Claims based on certificates must observe geographic market boundaries and temporal alignment. A market boundary is "an area which is internally well-connected by a synchronous electric grid", with a consistent regulatory framework and where "utilities and suppliers recognise each other's energy attributes". Among the listed examples are European network Entso-e, Australia's national electricity market and grid regions defined by the US federal government.
From a temporal point of view, EACs must be matched to consumption on an hourly basis, but the guidance provides for situations in which such granularity is not available.

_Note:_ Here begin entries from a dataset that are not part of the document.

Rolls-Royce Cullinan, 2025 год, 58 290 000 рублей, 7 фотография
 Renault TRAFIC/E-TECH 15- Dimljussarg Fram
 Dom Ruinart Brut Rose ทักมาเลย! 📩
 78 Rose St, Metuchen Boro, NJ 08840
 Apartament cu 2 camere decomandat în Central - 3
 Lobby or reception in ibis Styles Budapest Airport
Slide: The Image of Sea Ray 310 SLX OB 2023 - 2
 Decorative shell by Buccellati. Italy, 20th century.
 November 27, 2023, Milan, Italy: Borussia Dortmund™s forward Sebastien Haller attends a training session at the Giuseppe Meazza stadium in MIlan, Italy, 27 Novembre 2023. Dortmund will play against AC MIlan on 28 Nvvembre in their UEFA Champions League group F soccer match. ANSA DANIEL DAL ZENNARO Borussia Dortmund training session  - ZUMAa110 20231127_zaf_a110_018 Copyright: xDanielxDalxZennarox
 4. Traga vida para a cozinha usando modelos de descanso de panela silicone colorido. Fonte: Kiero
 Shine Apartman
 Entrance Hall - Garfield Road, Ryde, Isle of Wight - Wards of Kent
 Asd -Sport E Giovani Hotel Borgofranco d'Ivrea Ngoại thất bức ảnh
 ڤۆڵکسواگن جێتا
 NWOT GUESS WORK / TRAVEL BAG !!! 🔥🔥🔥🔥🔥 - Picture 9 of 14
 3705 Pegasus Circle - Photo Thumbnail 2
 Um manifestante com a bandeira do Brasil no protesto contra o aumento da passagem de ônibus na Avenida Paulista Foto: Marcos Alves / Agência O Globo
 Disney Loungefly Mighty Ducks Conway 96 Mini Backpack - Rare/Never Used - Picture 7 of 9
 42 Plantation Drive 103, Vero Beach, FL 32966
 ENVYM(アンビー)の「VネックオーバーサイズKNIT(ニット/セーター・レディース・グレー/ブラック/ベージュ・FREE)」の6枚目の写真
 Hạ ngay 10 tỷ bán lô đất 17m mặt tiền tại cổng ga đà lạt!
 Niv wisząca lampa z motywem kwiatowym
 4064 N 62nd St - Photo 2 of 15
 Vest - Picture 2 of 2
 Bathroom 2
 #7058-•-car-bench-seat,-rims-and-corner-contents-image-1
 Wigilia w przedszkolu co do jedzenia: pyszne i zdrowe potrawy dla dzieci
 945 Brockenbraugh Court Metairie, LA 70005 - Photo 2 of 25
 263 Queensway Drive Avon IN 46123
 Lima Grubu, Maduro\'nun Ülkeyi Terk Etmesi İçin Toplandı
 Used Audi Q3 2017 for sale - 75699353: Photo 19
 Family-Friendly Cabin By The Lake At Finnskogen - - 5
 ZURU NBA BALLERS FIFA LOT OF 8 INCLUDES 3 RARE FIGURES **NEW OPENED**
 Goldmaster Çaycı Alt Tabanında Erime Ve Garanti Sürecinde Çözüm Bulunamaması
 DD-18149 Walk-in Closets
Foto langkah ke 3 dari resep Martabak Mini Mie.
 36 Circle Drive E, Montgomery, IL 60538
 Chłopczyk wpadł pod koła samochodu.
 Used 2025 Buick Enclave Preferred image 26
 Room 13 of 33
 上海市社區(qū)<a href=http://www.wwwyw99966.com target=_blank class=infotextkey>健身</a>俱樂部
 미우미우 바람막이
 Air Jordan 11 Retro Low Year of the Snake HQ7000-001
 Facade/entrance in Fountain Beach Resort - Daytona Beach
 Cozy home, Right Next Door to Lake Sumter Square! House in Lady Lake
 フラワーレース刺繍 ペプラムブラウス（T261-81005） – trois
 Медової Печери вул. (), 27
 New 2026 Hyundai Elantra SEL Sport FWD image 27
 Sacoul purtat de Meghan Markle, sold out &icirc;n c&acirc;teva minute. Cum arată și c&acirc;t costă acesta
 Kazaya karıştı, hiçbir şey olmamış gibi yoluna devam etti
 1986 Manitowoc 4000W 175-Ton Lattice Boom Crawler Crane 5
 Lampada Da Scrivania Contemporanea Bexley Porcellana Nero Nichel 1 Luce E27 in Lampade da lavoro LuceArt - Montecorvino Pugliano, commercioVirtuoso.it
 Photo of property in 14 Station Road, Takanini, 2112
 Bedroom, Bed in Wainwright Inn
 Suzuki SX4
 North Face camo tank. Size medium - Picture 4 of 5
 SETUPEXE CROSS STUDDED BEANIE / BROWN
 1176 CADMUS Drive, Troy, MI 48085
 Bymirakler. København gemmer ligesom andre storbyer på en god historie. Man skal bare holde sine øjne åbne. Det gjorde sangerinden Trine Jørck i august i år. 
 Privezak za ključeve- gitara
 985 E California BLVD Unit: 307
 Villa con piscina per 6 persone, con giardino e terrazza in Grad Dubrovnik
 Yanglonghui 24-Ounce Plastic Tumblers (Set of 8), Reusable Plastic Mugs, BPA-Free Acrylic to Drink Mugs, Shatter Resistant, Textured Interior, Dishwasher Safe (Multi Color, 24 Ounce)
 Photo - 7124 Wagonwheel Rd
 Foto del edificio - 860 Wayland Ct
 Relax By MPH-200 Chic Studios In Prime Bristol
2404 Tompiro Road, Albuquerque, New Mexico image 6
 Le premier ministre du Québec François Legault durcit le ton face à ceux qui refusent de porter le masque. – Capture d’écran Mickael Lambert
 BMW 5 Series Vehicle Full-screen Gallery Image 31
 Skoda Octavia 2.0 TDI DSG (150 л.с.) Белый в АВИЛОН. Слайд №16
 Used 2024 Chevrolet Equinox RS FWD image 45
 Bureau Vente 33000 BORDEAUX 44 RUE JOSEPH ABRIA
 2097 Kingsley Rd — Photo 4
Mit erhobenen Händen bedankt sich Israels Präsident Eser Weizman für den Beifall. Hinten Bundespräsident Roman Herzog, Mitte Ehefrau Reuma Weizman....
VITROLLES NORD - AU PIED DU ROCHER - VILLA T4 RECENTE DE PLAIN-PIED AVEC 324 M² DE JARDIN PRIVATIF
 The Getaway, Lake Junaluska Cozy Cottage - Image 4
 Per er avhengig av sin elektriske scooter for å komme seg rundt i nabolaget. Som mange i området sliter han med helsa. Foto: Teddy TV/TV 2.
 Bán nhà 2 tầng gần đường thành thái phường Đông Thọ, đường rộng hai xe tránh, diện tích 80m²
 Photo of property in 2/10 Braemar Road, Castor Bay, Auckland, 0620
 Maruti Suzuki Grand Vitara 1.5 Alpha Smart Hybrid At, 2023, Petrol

In this case, buyers must pair certificates with hourly metering data coming from the same generator and verified through an ID, and the generator has to transfer exclusive rights to those claims, in order to avoid double counting.
France has currently the most granular GOO disclosure system in the AIB hub, requiring monthly matching. Other countries such as Denmark have tested the use of hourly-matched certificates.
The legal framework for granular GOOs in the EU is established under the revised renewable energy directive (RED III), which encourages greater time-stamping of certificates and allows for GOOs of less than 1MWh. But there are still discrepancies across the AIB hub, even on the more common annual matching system, with some countries — such as Italy, Ireland and Portugal — allowing cancellations for up to 18 months from energy production and the use of previous-year GOOs for compliance the following year.
Caveats for biomass
The 24/7 CFE Coalition recognises electricity from wind, solar, zero-emissions geothermal, marine, sustainable hydropower and nuclear as carbon-free. Crucially, biomass-fired output is classified as carbon-free only when it comes from waste and residue, and corporate buyers must submit in this case a project-specific lifecycle GHG assessment. If emissions exceed zero, companies can claim biomass-based CFE for only up to 10pc of their global electricity consumption.
RE100 — a coalition also led by Climate Group — published new technical guidance in April, banning biomass co-fired with coal and setting stricter rules on the use of EACs.